Start of TASK MATERIAL
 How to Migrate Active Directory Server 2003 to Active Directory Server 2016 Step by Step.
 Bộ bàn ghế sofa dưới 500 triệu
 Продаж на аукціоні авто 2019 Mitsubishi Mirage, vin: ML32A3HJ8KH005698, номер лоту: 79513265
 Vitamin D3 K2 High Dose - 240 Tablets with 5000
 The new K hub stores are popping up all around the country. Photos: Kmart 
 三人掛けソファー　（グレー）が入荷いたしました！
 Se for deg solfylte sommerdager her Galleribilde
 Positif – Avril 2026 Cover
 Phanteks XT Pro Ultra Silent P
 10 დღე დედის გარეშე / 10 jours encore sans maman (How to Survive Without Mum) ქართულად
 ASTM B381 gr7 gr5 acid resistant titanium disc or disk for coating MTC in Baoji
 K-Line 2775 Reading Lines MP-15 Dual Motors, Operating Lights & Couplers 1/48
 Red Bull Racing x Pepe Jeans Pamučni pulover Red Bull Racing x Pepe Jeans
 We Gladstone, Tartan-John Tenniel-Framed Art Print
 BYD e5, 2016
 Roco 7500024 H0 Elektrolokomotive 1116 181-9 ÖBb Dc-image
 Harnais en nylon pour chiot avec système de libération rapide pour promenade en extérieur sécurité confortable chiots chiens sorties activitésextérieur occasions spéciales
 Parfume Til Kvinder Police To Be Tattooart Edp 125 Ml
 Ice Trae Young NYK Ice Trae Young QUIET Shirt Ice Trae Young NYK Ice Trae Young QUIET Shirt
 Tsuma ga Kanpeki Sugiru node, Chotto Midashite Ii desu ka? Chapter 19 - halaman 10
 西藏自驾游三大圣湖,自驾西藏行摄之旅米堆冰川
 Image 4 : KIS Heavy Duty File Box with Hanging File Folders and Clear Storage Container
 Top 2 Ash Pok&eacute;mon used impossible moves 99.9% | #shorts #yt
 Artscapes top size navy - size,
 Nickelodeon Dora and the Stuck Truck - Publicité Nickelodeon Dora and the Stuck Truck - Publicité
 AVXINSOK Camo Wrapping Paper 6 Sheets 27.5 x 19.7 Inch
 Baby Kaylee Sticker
End of TASK MATERIAL
• **TO DO**
The records shown above are to be copied exactly, every one of them.

• **ANSWER SECTION**
 How to Migrate Active Directory Server 2003 to Active Directory Server 2016 Step by Step.
 Bộ bàn ghế sofa dưới 500 triệu
 Продаж на аукціоні авто 2019 Mitsubishi Mirage, vin: ML32A3HJ8KH005698, номер лоту: 79513265
 Vitamin D3 K2 High Dose - 240 Tablets with 5000
 The new K hub stores are popping up all around the country. Photos: Kmart 
 三人掛けソファー　（グレー）が入荷いたしました！
 Se for deg solfylte sommerdager her Galleribilde
 Positif – Avril 2026 Cover
 Phanteks XT Pro Ultra Silent P
 10 დღე დედის გარეშე / 10 jours encore sans maman (How to Survive Without Mum) ქართულად
 ASTM B381 gr7 gr5 acid resistant titanium disc or disk for coating MTC in Baoji
 K-Line 2775 Reading Lines MP-15 Dual Motors, Operating Lights & Couplers 1/48
 Red Bull Racing x Pepe Jeans Pamučni pulover Red Bull Racing x Pepe Jeans
 We Gladstone, Tartan-John Tenniel-Framed Art Print
 BYD e5, 2016
 Roco 7500024 H0 Elektrolokomotive 1116 181-9 ÖBb Dc-image
 Harnais en nylon pour chiot avec système de libération rapide pour promenade en extérieur sécurité confortable chiots chiens sorties activitésextérieur occasions spéciales
 Parfume Til Kvinder Police To Be Tattooart Edp 125 Ml
 Ice Trae Young NYK Ice Trae Young QUIET Shirt Ice Trae Young NYK Ice Trae Young QUIET Shirt
 Tsuma ga Kanpeki Sugiru node, Chotto Midashite Ii desu ka? Chapter 19 - halaman 10
 西藏自驾游三大圣湖,自驾西藏行摄之旅米堆冰川
 Image 4 : KIS Heavy Duty File Box with Hanging File Folders and Clear Storage Container
 Top 2 Ash Pok&eacute;mon used impossible moves 99.9% | #shorts #yt
 Artscapes top size navy - size,
 Nickelodeon Dora and the Stuck Truck - Publicité Nickelodeon Dora and the Stuck Truck - Publicité
 AVXINSOK Camo Wrapping Paper 6 Sheets 27.5 x 19.7 Inch
 Baby Kaylee Sticker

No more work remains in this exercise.